While that post is technically correct (conditional moves have high latency because you can't dispatch the instruction until the conditional variable has been evaluated), they're still good in many cases because there's also no immediate dependency on the output of the conditional move. You might end up with 10 conditional moves in your reservation stations, but that's fine if all you're doing is summing up the results. You don't actually act on that sum until the end of your loop, so it's OK if it takes a few cycles after the loop to flush all those pending conditional moves out of the reservation stations.


Cmov is 1 cycle latency now. Cant remember when there change occurred but AF's info should point the way.


The issue isn't the `cmov` itself, which is extremely forgiving nowadays (4 per cycle!), but the fact the `cmov` introduces a dependency on both inputs and the condition. A predicted branch introduces a dependency on only the predicted input: the other input is never calculated and the condition is checked after-the-fact.


This is a fabulous explanation that I think a novice programmer could readily grasp.


Agreed. StackOverflow could make a lovely book with these kind of high quality answers. Stuff's gold.


I'm currently taking an OMS CS course in High Performance Computer Architecture and recently completed the branch prediction lesson. It is a free course on Udacity. Here's the source: https://www.udacity.com/course/high-performance-computer-arc...

Lesson 3 covers pipelines and lesson 4 covers branches. Milos does a great job of explaining "How It Works" for something that is really a hidden layer under the CPU.


Thanks for sharing, this course looks interesting. Cheers.


This is a re-occuring duplicate, last posted 3 months ago, then twice again a year ago. Should be tagged [dupe].


Some of the suggested ways to avoid the branch are bit manipulation (which is not necessarily portable) and the ternary operator (which seems hardly different from an if-else, though maybe the compiler usually treats it differently). It seems like another way would be sum += data[c] * (data[c] >= 128); which adds 0 when the condition is false.

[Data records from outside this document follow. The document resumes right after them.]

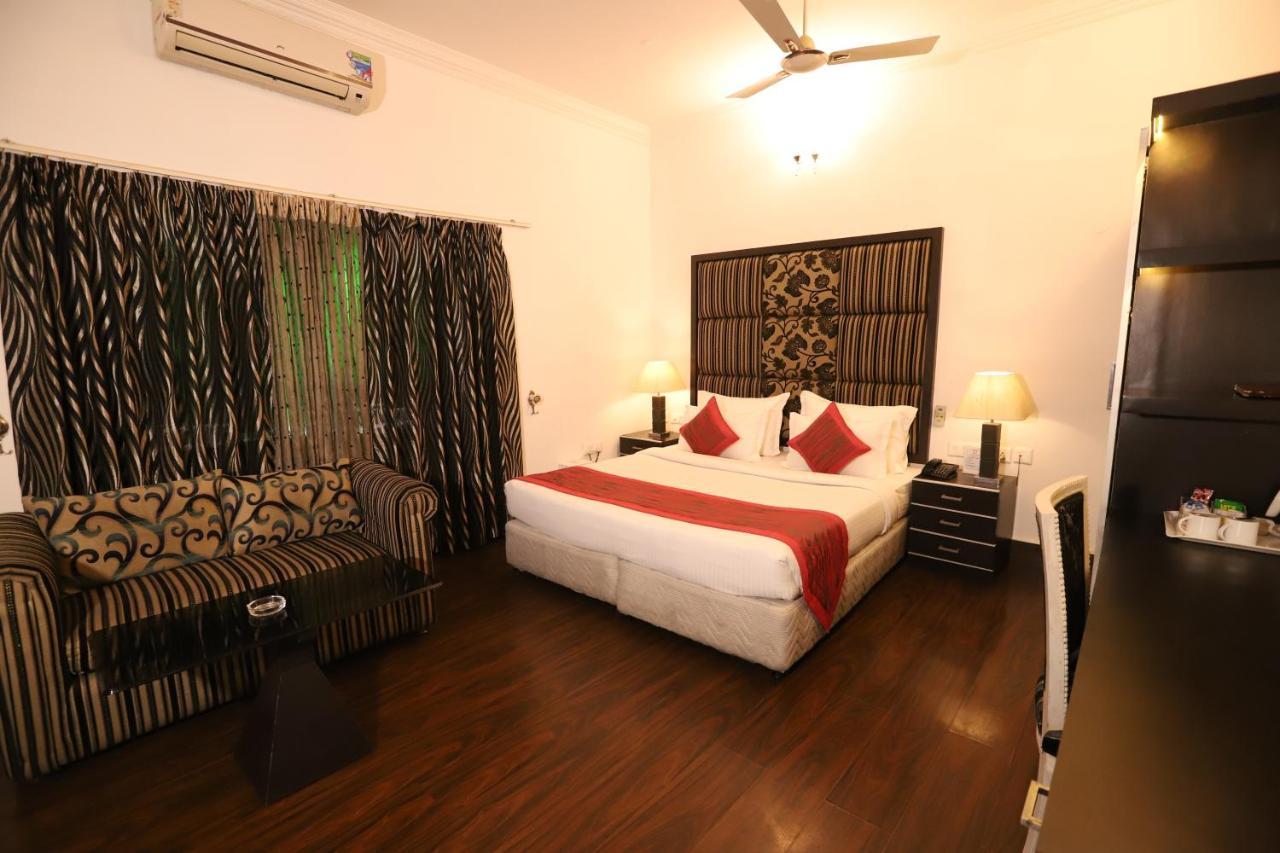 Hotel Capitol Hills Greater Kailash Delhi Neu-Delhi Exterior foto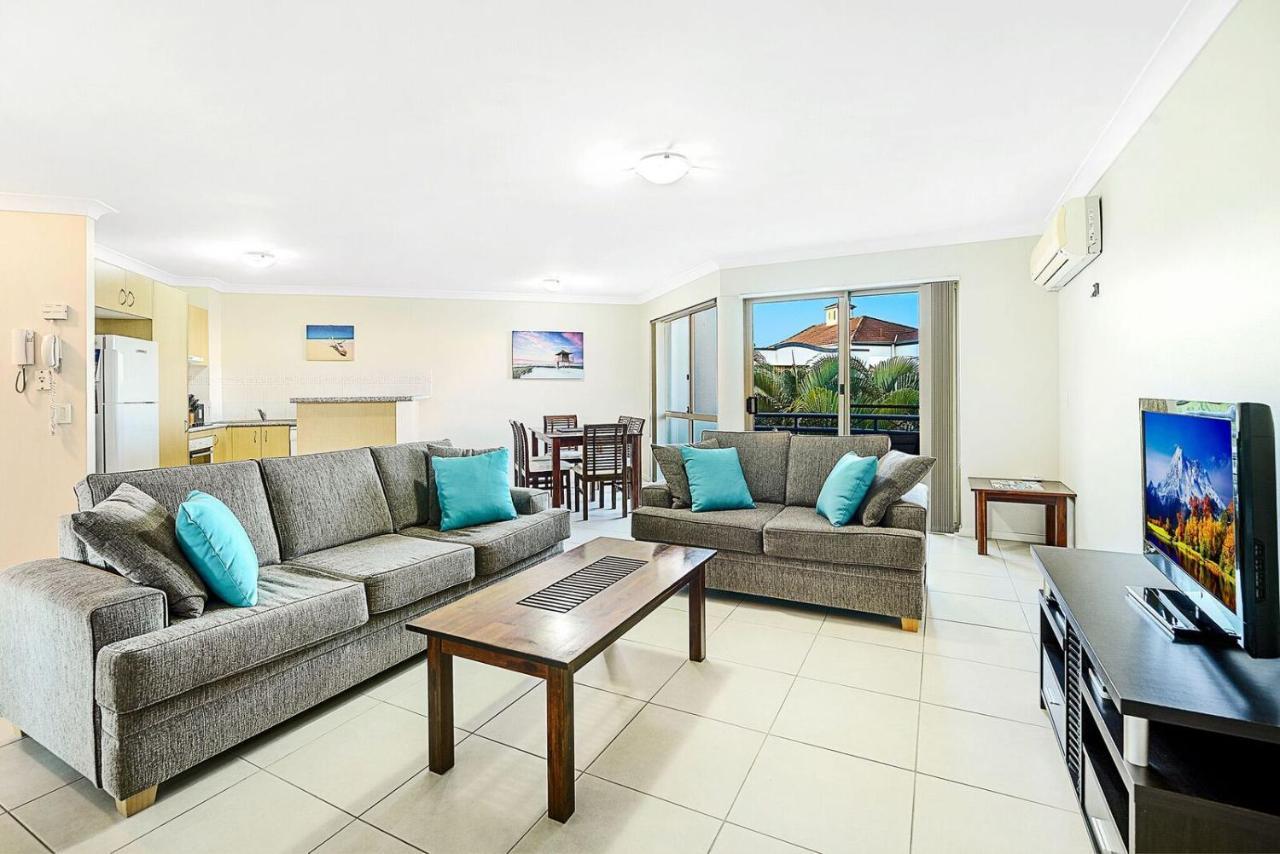 Golden Riviera Absolute Beachfront Resort Gold Coast Exterior foto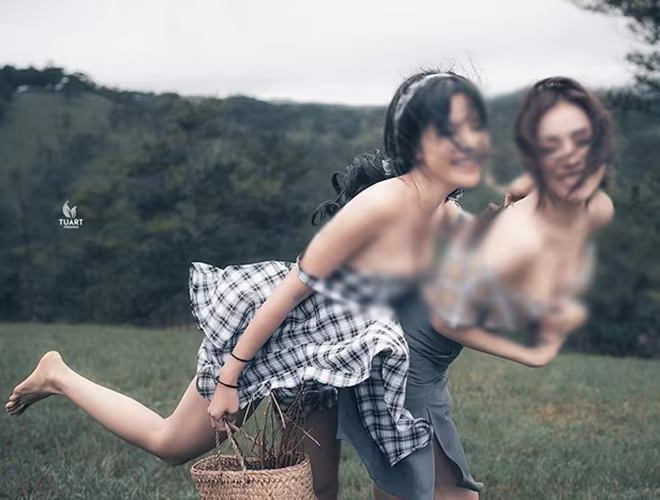 "Có nhiều khách đến theo kiểu dân đi phượt, đường vào địa điểm này cũng rất nguy hiểm nên bây giờ chúng tôi sẽ cấm không cho các xe vào vì lý do an toàn", ông Phạm Triều, Chủ tịch UBND huyện Lạc Dương cho biết. "Có nhiều khách đến theo kiểu dân đi phượt, đường vào địa điểm này cũng rất nguy hiểm nên bây giờ chúng tôi sẽ cấm không cho các xe vào vì lý do an toàn", ông Phạm Triều, Chủ tịch UBND huyện Lạc Dương cho biết.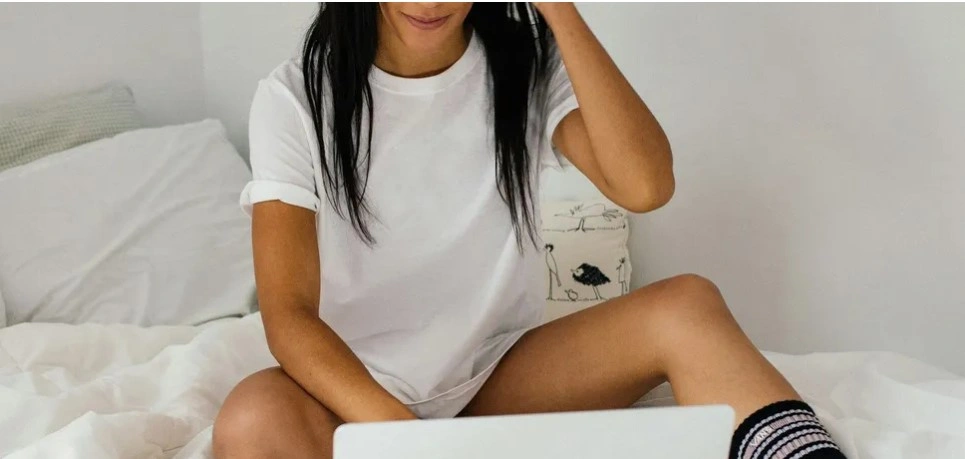 Охтирчанка оштрафована за продаж порнографічного контенту через OnlyFans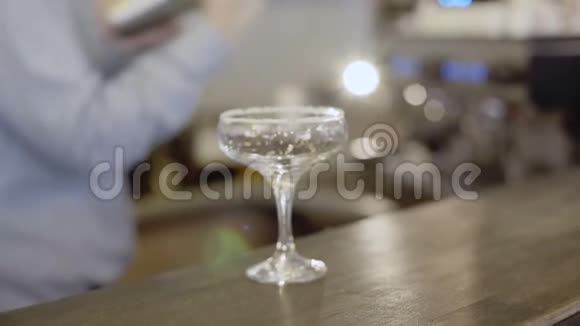 在桌子上做一杯鸡尾酒4K视频的预览图
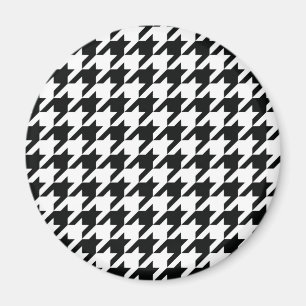 Classic Houndstooth Pattern: Black & White Vintage Magnet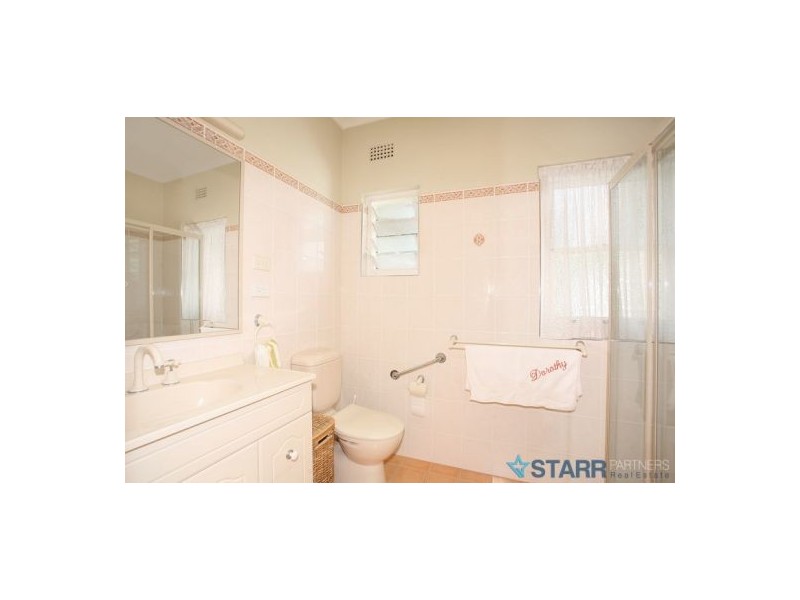 11 Kenelda Avenue, Guildford NSW 2161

Many processors have an instruction that will select between two operands depending on a condition. That can be faster than a branch. Although a sufficiently intelligent compiler would be able to determine that the instruction could be used in an if/else situation.


My immediate reaction would be to think of the entropy of the information in the array. Sorted sounds like energy was spent to put more information into that array. Intuitively, the lower entropy of a sorted array should help us predict and make better decisions along the way of searching for things in the array. Completely unsorted arrays give us less information to work with: the lack of order certainly can't help us make decisions!


Read a little further down to WiSaGaN's answer. There's an excellent discussion of the optimizations afforded by the cmovge instruction that is typically generated for the C ternary operator and how its implementation in the CPU pipeline allows it to avoid the branch misprediction penalty.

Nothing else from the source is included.